My post last week pointing to a few collections of best practices for writing clicker questions seemed to go over well, so I thought I would return to that topic. As it happens, I put together my own list of best practices to share at the minicourse on teaching with clickers that Adam Lucas and I led at the Joint Mathematics Meetings in San Francisco last week. The following list summarizes some of the resources from my earlier post and adds a few tips of my own.
- Note your rhetorical questions and turn them into actual questions. You might scan your old lesson plans for rhetorical questions embedded there. You might also have a TA or student take notes on the rhetorical questions you ask during class.
- Consider multiple-choice questions that wouldn’t make sense on exams. For instance, asking a question with more than one right answer (perhaps where one answer is a little better than the other) wouldn’t work on an exam, but this kind of question does a great job of generating discussion during class.
- But align some of your questions with exam questions! If students figure out that your clicker questions aren’t helping them prepare for other, more significant evaluations, they’ll tune them out. Your clicker questions should align well with your exam questions in content and style if not format.
- Base wrong answers on common student misconceptions. How to discover common student misconceptions? Use your intuition, of course. You can also look through old exams, recent homework, and even pre-class quizzes completed by students the night before class. There’s also the option of using answers provided by students on-the-fly during class.
- Consider how many correct answers you expect to receive. Anticipating the results of a clicker question will help you think about what it might accomplish in class. Don’t beat down your students; ask some easy questions every now and then. However, too many easy questions can turn students off. To generate discussion, aim for 30-70% incorrect answers in most cases.
- Aim for conceptual understanding and application, not just factual recall. Ask yourself what you want your students to know or to do by the end of class, then design your question around those goals.

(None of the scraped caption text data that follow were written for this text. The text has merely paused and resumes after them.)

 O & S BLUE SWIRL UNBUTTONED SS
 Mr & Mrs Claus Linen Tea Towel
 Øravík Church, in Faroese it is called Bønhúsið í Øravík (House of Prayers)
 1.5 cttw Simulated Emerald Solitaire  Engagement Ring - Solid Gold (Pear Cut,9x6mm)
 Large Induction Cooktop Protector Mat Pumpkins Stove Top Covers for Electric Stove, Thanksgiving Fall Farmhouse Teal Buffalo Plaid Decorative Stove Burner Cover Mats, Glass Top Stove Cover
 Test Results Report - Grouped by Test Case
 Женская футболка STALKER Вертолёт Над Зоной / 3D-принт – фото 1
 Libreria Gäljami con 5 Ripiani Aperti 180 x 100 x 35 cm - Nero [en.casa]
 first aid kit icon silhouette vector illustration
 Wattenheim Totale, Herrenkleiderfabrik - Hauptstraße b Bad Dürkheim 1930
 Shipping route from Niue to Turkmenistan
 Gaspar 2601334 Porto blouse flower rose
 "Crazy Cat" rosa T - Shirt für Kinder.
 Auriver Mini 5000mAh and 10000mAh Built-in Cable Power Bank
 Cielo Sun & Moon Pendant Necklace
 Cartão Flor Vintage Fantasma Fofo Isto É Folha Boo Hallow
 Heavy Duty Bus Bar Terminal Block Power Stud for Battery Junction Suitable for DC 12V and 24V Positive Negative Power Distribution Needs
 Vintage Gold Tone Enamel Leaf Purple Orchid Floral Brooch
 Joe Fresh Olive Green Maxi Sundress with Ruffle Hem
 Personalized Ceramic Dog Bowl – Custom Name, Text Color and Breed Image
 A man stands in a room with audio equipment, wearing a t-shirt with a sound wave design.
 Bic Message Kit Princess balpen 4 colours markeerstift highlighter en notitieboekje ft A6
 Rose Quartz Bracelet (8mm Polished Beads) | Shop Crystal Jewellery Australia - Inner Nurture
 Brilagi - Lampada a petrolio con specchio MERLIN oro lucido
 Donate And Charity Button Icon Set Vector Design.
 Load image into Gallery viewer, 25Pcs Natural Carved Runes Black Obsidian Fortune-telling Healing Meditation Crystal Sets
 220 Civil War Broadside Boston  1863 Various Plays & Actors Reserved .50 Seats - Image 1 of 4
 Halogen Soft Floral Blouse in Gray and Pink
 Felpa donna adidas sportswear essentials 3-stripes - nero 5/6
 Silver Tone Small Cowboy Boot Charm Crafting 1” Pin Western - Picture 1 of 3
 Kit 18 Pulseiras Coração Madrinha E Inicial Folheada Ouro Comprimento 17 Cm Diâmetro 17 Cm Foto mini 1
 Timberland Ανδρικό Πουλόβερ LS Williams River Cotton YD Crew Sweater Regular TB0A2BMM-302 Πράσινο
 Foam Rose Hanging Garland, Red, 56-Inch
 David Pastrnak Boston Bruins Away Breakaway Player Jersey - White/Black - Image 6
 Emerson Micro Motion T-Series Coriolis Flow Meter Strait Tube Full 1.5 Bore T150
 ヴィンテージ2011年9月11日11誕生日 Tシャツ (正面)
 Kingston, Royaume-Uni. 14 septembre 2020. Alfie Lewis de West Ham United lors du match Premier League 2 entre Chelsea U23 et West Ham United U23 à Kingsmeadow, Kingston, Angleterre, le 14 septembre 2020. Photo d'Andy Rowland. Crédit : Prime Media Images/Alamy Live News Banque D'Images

- Add confidence levels to questions with only two answers. For example, instead of having the answer choices TRUE and FALSE, use the choices TRUE – High Confidence, TRUE – Low Confidence, FALSE – Low Confidence, FALSE – High Confidence. This will give you more nuanced data on where your students stand with the topic at hand.
- Revise your questions over time by replacing unpopular answer choices, listening for new answer choices in student discussion of a question, and sharing your clicker questions with other instructors for feedback and suggestions.
- Finally, don’t stress out. If your question isn’t perfect, you can adapt. Test questions that are worded a little bit incorrectly can cause problems, but you can roll with imperfections in your in-class clicker questions.
What are your suggestions for writing effective clicker questions?